In Karnataka, the Bharatiya Janata Party (BJP), with its strategic ally Janata Dal (Secular) (JDS), has won 19 of the 28 Lok Sabha seats. Congress, too, put up a stiff fight and bagged the other nine seats.

The BJP has secured 17 seats in the Lok Sabha, with some of its key winners being former Karnataka Chief Ministers Basavaraj Bommai and Jagadish Shettar, who won the Haveri and Belgaum seats, respectively.

After a keen contest against INC’s Mansoor Ali Khan, BJP’s PC Mohan, who was initially trailing behind, has won the seat in Bangalore Central with a margin of 32,707 votes. BJP’s BY Raghavendra, son of former CM BS Yediyurappa, has won in Shimoga.
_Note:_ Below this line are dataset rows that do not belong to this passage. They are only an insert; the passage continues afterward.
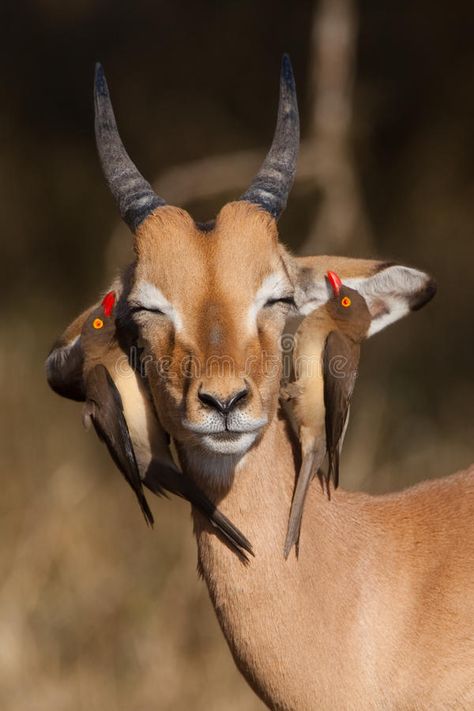 Impala and oxpeckers. A young impala ram with two red-billed oxpeckers on its he , #Affiliate, #impala, #ram, #young, #Impala, #oxpeckers #ad Regard Animal, Animals Friendship, Mule Deer, Manx, African Animals, Happy Animals, Animal Planet, An Animal, Nature Animals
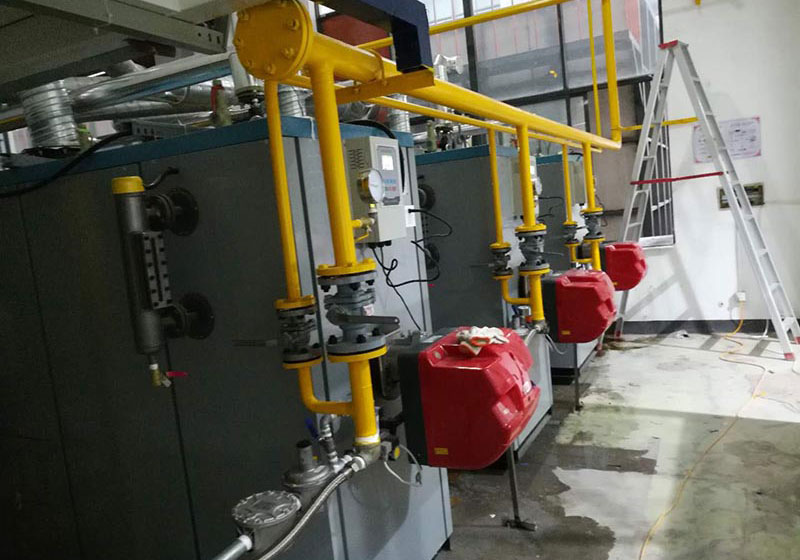 LEWAY steam generator for paper industrial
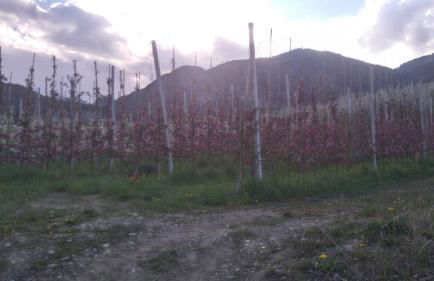 Agritur Leita - Foto 42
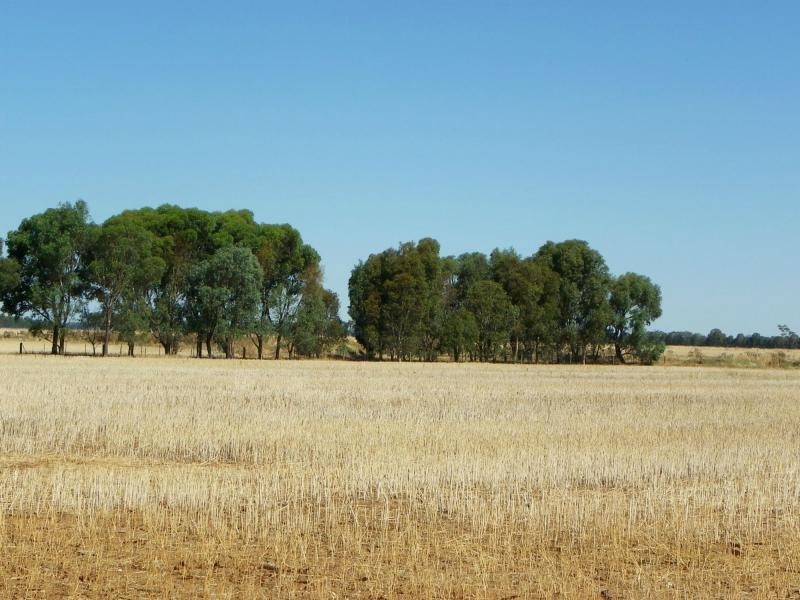 Barooga NSW 3644
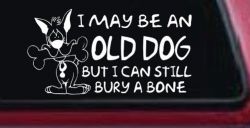 Funny I May Be An Old Dog But I Can Still Bury A Bone Car or Truck Window Decal Sticker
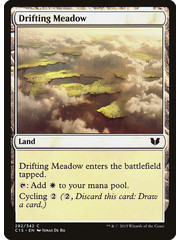 Magic: The Gathering Drifting Meadow (282) Lightly Played
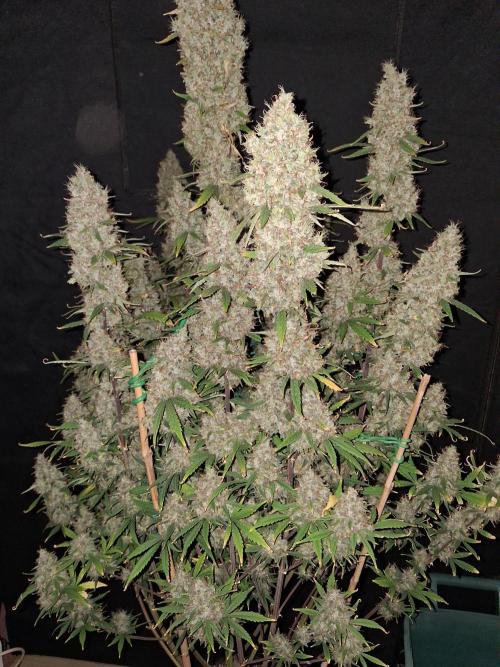 Love growing weed. Week 8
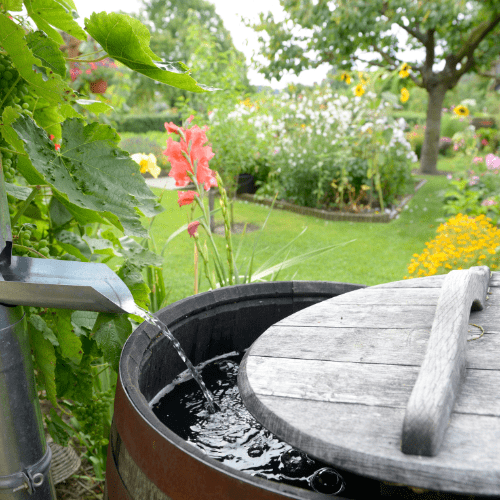 regenton aan zinken regenpijp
The first-time contestant and the former Mysuru royal family’s scion, Yaduveer Krishnadatta Chamaraja Wadiyar has won the Mysore seat with a margin of over 1.3 lakh votes.

Among the key winners in the Congress camp are party President Mallikarjun Kharge’s son-in-law, Radhakrishna Doddamani, who won the Gulbarga seat. The party had just one Lok Sabha seat in the previous parliament in Karnataka. In Hassan’s, the grand old party’s Shreyas Patel defeated Deve Gowda’s grandson Prajwal Revanna by a margin of 42,649 seats, who is under arrest for alleged sex crimes.

Congress won most of its seats from the Kalyana Karnataka region.

Despite extensive campaigning in his home district of Mysore, Karnataka CM Siddaramaiah was unable to garner enough support for Congress contestant Lakshmana. In Bangalore Rural, KPCC President DK Shivakumar saw a similar loss. His brother DK Suresh lost the seat to the BJP’s CN Manjunath, the son-in-law of JDS’ founder HD Deve Gowda, by a margin of nearly 2.6 lakh votes.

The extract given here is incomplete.